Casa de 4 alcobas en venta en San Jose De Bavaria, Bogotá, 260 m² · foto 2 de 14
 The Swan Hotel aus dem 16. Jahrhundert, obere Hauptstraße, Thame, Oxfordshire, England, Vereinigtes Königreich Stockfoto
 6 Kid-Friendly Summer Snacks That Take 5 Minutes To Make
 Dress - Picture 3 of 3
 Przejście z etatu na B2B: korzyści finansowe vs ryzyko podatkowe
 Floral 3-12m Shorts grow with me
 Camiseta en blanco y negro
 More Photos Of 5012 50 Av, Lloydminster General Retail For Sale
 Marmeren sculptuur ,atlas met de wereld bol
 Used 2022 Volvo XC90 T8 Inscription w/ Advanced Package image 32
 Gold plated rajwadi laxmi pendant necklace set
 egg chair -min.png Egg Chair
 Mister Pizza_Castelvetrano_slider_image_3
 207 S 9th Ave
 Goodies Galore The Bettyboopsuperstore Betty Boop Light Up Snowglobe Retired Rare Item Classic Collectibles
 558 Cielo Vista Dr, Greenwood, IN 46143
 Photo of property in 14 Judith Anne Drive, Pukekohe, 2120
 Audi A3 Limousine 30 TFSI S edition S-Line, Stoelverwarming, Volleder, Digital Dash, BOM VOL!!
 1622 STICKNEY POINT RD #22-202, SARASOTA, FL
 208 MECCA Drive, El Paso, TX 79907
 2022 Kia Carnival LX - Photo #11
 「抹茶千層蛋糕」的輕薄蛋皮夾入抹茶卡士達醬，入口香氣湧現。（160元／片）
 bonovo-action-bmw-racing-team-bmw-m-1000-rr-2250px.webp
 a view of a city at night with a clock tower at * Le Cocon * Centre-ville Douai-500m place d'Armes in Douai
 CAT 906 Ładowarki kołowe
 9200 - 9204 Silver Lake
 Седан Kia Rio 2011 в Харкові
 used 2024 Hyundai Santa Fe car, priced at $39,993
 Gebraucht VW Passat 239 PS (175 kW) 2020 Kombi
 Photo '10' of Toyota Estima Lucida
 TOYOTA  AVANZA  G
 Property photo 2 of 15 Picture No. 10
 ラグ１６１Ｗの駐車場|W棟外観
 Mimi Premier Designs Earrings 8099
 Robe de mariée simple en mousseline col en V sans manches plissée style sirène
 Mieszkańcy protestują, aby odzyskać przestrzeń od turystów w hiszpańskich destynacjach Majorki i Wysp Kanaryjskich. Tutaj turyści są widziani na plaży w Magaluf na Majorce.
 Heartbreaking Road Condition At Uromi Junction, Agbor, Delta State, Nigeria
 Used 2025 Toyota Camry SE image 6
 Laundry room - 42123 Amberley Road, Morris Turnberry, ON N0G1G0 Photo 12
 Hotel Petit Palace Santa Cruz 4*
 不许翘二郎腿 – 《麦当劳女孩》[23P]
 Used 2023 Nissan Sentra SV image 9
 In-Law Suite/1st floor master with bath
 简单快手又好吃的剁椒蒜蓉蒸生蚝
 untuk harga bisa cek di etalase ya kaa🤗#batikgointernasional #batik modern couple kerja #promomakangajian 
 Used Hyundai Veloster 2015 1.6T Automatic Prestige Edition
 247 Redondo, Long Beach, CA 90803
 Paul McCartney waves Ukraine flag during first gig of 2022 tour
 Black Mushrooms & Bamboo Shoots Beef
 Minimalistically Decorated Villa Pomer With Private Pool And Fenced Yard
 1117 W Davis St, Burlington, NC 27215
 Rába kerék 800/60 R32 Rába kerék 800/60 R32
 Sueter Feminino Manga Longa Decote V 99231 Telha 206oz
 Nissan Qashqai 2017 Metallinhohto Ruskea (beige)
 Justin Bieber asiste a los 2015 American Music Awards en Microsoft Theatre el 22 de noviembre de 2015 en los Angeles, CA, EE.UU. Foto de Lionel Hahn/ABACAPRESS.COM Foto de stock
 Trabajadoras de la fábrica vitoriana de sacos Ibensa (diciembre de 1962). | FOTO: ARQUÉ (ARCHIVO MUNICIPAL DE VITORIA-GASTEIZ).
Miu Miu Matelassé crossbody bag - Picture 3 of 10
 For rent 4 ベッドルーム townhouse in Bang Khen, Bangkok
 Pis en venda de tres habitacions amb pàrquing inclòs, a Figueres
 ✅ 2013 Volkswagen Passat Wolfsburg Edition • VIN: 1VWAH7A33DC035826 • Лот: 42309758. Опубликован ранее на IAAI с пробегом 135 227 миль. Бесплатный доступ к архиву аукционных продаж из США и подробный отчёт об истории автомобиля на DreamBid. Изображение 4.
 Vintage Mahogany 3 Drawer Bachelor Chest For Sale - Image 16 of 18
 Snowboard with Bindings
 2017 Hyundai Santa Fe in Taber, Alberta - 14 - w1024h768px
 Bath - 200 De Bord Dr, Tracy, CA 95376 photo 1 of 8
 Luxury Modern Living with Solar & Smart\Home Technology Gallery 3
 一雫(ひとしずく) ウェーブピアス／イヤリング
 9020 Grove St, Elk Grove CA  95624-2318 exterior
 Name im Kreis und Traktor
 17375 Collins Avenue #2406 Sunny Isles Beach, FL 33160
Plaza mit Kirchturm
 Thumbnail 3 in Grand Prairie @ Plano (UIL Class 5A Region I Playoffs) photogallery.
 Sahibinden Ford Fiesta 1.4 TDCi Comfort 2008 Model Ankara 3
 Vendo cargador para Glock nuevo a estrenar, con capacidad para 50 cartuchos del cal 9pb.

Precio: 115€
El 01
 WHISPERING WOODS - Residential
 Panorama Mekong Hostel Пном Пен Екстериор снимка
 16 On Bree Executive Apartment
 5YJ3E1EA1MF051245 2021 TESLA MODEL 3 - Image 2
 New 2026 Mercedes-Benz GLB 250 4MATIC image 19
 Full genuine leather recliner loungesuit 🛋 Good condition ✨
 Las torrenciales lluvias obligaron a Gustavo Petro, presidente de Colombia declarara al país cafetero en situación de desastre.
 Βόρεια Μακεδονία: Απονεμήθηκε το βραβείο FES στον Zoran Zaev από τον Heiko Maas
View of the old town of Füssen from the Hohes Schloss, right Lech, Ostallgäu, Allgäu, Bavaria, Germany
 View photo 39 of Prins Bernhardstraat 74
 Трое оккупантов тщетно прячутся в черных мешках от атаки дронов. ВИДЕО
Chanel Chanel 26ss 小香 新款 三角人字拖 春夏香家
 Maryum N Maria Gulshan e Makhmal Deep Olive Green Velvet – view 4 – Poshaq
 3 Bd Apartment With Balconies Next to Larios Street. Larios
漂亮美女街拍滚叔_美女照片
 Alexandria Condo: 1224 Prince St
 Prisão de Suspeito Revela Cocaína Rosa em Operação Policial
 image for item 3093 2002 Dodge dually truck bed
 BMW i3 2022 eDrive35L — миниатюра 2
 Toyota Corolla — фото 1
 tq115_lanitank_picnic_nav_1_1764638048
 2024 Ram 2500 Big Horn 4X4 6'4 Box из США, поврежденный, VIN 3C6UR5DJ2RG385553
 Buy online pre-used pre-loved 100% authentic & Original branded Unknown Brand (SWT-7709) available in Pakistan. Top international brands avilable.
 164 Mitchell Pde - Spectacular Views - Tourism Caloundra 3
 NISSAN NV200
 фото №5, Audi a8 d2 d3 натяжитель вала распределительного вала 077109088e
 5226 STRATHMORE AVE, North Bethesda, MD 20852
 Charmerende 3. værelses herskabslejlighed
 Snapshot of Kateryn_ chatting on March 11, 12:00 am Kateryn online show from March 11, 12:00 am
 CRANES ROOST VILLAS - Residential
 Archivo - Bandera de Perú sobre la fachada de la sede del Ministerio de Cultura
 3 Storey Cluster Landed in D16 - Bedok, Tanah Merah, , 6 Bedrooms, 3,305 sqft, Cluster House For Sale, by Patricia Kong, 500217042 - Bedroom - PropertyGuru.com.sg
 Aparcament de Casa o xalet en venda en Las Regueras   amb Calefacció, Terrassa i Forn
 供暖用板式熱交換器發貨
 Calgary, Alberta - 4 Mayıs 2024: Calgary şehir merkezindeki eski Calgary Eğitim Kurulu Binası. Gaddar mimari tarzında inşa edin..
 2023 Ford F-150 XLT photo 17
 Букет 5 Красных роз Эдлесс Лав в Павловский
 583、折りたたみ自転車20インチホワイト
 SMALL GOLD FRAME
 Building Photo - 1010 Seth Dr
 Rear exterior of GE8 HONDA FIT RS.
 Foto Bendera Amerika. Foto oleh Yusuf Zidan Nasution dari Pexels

◆ ◆ ◆ ◆

> [YOUR TASK]:
All lines with the string "Sale" must be copied from the data.

> [REPLY]:
 More Photos Of 5012 50 Av, Lloydminster General Retail For Sale
 Vintage Mahogany 3 Drawer Bachelor Chest For Sale - Image 16 of 18
 3 Storey Cluster Landed in D16 - Bedok, Tanah Merah, , 6 Bedrooms, 3,305 sqft, Cluster House For Sale, by Patricia Kong, 500217042 - Bedroom - PropertyGuru.com.sg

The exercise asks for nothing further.